Alarm bells first rang in February when PBS President Pat Mitchell told local affiliates: "We are dangerously close in our overall primetime number to falling below the relevance quotient. And if that happens, we will surely fall below any arguable need for government support, not to mention corporate or individual support."

Publicly, PBS officials acknowledge that the network's ratings have dropped, but they play down the seriousness of Mitchell’s warning, saying she was just trying to fire the team up.

"It looks more dire than her intentions," said John Wilson, vice president of programming. "That's not her view and it's not the view of the entire speech she gave. She was just trying to grab [the affiliates] by the lapels and say look, 'we have to keep our eye on the ball.'"

But critics say that PBS has compromised its mission over the last 30 years, squandering taxpayer dollars with little thought to viewer accountability and becoming slaves to corporate underwriters and political correctness. And while some charge that PBS needs to take a bold stand by becoming more financially independent, others say it is just plain unnecessary today.

"PBS is no longer unique," said Richard Noyes, an analyst for the Center for Media Research Center in Washington, D.C.

Indeed, for every Julia Child culinary tutorial, there is an Emeril Live or Nigella Bites confectionary drama on The Food Network or the Style Network. For every documentary on jazz or prehistoric beasts, there is another on The History and Discovery channels.

And that's what opponents are counting on.

"Overall, PBS is self-destructing quite nicely," said Laurence Jarvik, author of PBS: Behind the Screen, who worked unsuccessfully with Republicans in the 1990s to de-fund public broadcasting. "The good thing is with cable, the Internet and satellite, you have alternatives, gradually fewer and fewer people will watch [PBS]. The franchise will become increasingly less valuable."

Longtime supporters of public television, funded through the 31-year-old Corporation for Public Broadcasting, admit that PBS is too dependent on government and corporate funding, and that the dependence is reflected in the quality of its programming.

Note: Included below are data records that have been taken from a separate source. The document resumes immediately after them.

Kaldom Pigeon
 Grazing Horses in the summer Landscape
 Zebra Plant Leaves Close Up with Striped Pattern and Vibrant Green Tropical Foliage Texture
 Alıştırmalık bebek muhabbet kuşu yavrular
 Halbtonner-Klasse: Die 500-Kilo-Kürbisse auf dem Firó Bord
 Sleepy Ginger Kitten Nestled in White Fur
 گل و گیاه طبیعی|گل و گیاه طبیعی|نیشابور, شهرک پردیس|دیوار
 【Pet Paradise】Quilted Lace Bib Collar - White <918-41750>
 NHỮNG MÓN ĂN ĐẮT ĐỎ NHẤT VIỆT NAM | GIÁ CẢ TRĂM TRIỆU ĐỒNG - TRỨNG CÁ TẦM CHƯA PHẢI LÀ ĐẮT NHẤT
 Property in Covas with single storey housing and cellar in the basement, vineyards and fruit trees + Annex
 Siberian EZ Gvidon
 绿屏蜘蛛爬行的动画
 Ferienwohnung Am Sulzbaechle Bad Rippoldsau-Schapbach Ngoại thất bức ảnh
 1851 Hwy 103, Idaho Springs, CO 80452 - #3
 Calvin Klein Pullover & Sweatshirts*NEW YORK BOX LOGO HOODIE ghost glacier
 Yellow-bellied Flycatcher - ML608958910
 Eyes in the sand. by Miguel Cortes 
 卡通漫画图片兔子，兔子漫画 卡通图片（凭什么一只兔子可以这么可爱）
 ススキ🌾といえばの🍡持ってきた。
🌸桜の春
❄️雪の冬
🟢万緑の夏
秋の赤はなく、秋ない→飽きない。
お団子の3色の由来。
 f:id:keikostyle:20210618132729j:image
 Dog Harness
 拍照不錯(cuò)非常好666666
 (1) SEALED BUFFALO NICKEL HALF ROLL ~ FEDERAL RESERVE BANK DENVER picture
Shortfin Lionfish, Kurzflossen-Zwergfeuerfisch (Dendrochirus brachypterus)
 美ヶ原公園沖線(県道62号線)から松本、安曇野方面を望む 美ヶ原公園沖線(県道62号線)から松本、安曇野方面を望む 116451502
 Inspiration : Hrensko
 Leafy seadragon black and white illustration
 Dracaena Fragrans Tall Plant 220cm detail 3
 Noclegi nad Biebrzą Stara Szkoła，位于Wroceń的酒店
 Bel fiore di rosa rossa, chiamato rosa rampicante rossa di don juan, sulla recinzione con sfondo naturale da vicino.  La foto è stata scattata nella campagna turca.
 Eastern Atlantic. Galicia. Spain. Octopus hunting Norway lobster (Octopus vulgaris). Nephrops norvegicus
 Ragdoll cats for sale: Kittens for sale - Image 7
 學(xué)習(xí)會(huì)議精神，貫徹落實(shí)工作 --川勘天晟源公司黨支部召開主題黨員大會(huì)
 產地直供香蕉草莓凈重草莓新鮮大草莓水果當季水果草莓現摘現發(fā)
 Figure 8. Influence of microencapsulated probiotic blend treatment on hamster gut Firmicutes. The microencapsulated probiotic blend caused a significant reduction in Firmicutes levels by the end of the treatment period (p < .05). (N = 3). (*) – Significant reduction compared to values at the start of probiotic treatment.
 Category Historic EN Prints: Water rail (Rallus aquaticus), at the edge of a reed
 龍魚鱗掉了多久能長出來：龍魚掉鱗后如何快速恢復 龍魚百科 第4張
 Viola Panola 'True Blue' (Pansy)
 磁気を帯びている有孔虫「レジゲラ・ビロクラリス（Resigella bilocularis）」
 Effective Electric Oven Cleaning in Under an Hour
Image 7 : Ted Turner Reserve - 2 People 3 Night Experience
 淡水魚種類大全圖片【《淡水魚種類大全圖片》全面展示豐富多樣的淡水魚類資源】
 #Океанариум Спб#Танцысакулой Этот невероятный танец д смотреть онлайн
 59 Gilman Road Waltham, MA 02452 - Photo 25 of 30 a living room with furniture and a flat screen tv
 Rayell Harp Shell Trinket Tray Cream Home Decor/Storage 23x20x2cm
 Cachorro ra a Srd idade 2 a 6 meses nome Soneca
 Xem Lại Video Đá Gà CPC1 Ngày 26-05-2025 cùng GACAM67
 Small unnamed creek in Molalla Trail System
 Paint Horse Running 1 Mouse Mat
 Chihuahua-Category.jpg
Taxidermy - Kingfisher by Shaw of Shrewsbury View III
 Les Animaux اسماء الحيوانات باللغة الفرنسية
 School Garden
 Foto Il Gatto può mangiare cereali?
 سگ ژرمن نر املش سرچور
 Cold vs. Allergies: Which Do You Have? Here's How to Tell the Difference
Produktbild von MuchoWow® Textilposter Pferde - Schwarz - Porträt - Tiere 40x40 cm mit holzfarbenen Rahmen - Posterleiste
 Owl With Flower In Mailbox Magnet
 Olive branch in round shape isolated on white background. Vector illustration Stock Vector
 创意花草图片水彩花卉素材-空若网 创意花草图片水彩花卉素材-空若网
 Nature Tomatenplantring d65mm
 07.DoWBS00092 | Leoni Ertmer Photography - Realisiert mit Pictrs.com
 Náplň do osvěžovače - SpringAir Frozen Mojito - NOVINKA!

"There is a lack of courage in dealing with controversial subjects that might offend any powerful group in America, which we obviously refer to as the establishment or anyone who in the future might become a major corporate contributor," said Nicholas Johnson, a University of Iowa law professor who served on the Federal Communications Commission during the years that the Public Broadcasting Service was formed more than 30 years ago.

That wasn't a problem at PBS' inception in 1969. At the time CPB was granted $5 million to fill the void left by the three major television networks. In 2004, the government will pay $380 million for PBS, and the president has requested $395 million for 2005, according to a Senate Appropriations Committee spokesperson.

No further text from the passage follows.